# piecewise linear function



## Bonny2010

Me interesa saber como se puede traducir el termino piecewise, el contexto esta hablando de tipo de señales para probar un sistema: ..."you can propose a piecewise linear function,  cubic function or sigmoid function".. gracias


----------



## Dlyons

Bonny2010 said:


> Me interesa saber como se puede traducir el termino piecewise, el contexto esta hablando de tipo de señales para probar un sistema: ..."you can propose a piecewise linear function,  cubic function or sigmoid function".. gracias




Bienvenid@ al foroBonny2010

Función definida a trozos
http://es.wikipedia.org/wiki/Función_definida_a_trozos


----------



## Hakuna Matata

piecewise linear function = función definida por tramos (intervalos)

Notable que el artículo de Wiki en español incluye 6 palabras en español y el resto en inglés.


----------



## Dlyons

Hakuna Matata said:


> Notable que el artículo de Wiki en español incluye 6 palabras en español y el resto en inglés.



Tiene razón 

Pero se ve "Función definida a trozos" más seguido

Google: 22,500
http://www.google.com/search?hl=en&...hts=&as_occt=any&cr=&as_nlo=&as_nhi=&safe=off

Google: 82
http://www.google.com/search?num=10...da+por+tramos"&btnG=Search&aq=f&aqi=&aql=&oq=

Google: 32
http://www.google.com/search?num=10...n+definida+por+intervalos"&aq=f&aqi=&aql=&oq=


----------



## Hakuna Matata

¡Hola Dylons!

Me sorprendieron los resultados de tu búsqueda, así que se me ocurrió repetirla pero sin las comillas que colocaste. 
Estos son los resultados:
- para *función definida a trozos*: 275.000 entradas http://www.google.com/search?num=10...inida+a+trozos&btnG=Search&aq=f&aqi=&aql=&oq=
- para *función definida por trozos*: 274.000 entradas (esencialmente las mismas, en general los buscadores se centran en verbos y sustantivos) http://www.google.com/search?num=10...ida+por+trozos&btnG=Search&aq=f&aqi=&aql=&oq=
- para *función definida por tramos*: 458.000 entradas http://www.google.com/search?num=10...unción+definida+por+tramos&aq=f&aqi=&aql=&oq=
- para _*función definida por intervalos*_: 1.300.000 entradas http://www.google.com/search?num=10...por+intervalos&btnG=Search&aq=f&aqi=&aql=&oq=

El término más correcto "matemáticamente" es el de "definida por intervalos". "Definido a/por trozos" personalmente no recuerdo haberla leído nunca, al menos en Argentina no es el término usado.
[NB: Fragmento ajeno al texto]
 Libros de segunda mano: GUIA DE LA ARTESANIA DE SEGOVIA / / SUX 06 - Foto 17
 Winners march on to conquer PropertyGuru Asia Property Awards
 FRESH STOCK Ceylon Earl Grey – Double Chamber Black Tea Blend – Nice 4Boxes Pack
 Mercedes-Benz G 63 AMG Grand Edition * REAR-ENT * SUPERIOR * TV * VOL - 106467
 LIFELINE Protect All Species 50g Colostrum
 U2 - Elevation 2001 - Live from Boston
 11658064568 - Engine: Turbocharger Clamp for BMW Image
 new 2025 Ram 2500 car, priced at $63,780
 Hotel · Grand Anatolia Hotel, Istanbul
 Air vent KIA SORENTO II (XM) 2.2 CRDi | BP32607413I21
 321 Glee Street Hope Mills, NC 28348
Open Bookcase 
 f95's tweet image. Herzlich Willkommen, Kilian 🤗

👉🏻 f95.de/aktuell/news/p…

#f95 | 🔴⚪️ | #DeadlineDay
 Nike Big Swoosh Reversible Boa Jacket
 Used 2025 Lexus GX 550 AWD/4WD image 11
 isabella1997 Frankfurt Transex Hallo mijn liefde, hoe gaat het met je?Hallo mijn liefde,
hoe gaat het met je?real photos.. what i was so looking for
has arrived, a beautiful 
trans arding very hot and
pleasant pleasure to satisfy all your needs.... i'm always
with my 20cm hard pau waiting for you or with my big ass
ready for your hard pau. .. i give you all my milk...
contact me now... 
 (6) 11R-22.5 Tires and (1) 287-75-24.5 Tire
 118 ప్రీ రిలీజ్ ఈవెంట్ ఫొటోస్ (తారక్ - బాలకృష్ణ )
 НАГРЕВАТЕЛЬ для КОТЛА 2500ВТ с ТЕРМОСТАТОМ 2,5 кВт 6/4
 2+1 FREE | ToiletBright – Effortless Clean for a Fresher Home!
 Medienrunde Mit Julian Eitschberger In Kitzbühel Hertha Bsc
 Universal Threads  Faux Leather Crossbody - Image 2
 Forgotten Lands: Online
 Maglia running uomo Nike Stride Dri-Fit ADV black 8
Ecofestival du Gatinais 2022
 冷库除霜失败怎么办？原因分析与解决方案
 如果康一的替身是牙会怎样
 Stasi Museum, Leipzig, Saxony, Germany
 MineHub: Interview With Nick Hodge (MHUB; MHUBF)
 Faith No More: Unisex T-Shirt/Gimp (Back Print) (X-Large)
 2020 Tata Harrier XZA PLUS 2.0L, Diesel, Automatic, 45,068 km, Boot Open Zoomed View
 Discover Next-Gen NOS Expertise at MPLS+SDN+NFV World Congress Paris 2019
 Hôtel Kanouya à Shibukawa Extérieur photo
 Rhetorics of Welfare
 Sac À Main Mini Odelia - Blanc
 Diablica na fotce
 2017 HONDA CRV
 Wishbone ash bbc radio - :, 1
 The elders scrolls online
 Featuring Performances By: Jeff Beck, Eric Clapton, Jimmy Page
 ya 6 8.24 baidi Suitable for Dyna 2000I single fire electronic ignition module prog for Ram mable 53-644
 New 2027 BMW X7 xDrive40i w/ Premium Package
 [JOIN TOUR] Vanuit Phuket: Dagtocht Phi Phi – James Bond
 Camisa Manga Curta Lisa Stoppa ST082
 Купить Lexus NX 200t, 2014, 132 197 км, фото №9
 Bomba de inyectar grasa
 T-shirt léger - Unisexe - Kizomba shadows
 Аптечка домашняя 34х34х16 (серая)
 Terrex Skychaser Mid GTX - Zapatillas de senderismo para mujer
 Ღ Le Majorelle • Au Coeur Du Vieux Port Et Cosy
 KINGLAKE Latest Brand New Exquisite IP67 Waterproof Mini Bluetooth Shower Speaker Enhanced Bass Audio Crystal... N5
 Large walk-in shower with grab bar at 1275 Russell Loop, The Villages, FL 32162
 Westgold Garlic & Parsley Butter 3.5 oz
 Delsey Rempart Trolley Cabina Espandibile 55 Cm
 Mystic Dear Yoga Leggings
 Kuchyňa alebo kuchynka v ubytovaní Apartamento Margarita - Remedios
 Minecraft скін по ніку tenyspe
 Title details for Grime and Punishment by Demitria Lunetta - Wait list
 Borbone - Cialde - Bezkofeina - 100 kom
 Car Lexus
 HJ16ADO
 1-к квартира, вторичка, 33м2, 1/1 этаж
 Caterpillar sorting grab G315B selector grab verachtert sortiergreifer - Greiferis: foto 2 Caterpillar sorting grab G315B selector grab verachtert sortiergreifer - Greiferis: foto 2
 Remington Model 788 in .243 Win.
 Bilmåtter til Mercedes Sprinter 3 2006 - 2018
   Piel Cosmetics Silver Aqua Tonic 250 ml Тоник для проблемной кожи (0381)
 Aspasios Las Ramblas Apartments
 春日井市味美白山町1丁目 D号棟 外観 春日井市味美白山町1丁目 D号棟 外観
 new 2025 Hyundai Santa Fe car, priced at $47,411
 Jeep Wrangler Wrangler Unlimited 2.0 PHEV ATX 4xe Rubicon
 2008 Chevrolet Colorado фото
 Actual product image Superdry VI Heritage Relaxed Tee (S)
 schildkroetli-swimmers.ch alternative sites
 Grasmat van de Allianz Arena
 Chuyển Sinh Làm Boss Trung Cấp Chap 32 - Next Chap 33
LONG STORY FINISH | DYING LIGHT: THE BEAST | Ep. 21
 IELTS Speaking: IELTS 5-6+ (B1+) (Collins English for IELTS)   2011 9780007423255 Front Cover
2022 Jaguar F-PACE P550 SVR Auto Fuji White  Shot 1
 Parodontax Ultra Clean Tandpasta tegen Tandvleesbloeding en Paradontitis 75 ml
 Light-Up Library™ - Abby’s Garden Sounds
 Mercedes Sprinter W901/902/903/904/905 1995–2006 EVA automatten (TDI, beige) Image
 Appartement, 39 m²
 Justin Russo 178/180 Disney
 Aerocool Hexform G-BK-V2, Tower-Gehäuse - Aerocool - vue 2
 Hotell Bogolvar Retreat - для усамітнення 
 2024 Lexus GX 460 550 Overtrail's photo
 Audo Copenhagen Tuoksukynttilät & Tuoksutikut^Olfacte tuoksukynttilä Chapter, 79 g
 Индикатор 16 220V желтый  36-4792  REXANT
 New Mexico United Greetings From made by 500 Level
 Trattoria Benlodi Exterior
Igualmente, algo que pasé por alto inicialmente y que ahora quisiera rectificar, es el término "linear" en la frase.
Por lo tanto, mi traducción sería 
piecewise linear function = _función lineal por intervalos (por tramos)_ , o bien _función lineal definida por intervalos (por tramos)_


----------



## Dlyons

¡Hola Hakuna Matata!

En Argentina solamente, estos son los resultados:
- para *función definida a trozos*: 5 entradas http://www.google.com/search?num=100&hl=en&lr=&safe=off&q=%22Funci%C3%B3n+definida+a+trozos%22+site%3A*.ar&aq=f&aqi=&aql=&oq=

- para *función definida por trozos*: 1 entrada
http://www.google.com/search?num=10...nida+por+trozos"+site:*.ar&aq=f&aqi=&aql=&oq=

- para *función definida por tramos*: 11 entradas http://www.google.com/search?num=100&hl=en&lr=&safe=off&q=%22Funci%C3%B3n+definida+por+tramos%22+site%3A*.ar&aq=f&aqi=&aql=&oq=

- para _*función definida por intervalos*_: 2 entradas http://www.google.com/search?num=100&hl=en&lr=&safe=off&q=%22Funci%C3%B3n+definida+por+intervalos%22+site%3A*.ar&aq=f&aqi=&aql=&oq=


En general, estos son los resultados:
- para _*función lineal por intervalos*_: 6 entradas 
http://www.google.com/search?num=10...ón+lineal+por+intervalos"+&aq=f&aqi=&aql=&oq=

- para _*función lineal por trozos*_: 14 entradas 
http://www.google.com/search?num=10...función+lineal+por+trozos"&aq=f&aqi=&aql=&oq=

- para _*función lineal por tramos*_: 35 entradas 
http://www.google.com/search?num=10...función+lineal+por+tramos"&aq=f&aqi=&aql=&oq=


----------



## Hakuna Matata

Pobre Bonny, lo estamos mareando, jaja.

A lo que hacía referencia es que más allá de cómo se quiera traducir "piecewise function", no hay que olvidar  que agrega "linear".

Ya me perdí, ¿cuál sería tu traducción, Dylons?

¿Dónde están los matemáticos cuando uno más los necesita? jaja


----------



## Dlyons

Hakuna Matata said:


> Ya me perdí, ¿cuál sería tu traducción, Dylons?
> 
> ¿Dónde están los matemáticos cuando uno más los necesita? jaja




Para mí, "una función definida a trozos rectos"

o "una función definida a trozos,  cada trozo siendo una linéa recta"


----------



## Bonny2010

Muchas gracias. En México, en el tema que estoy estudiando le acostumbramos llamar: función definida linealmente por intervalos. Saludos


----------



## Bonny2010

perdón, función linealmente definida por intervalos.gracias


----------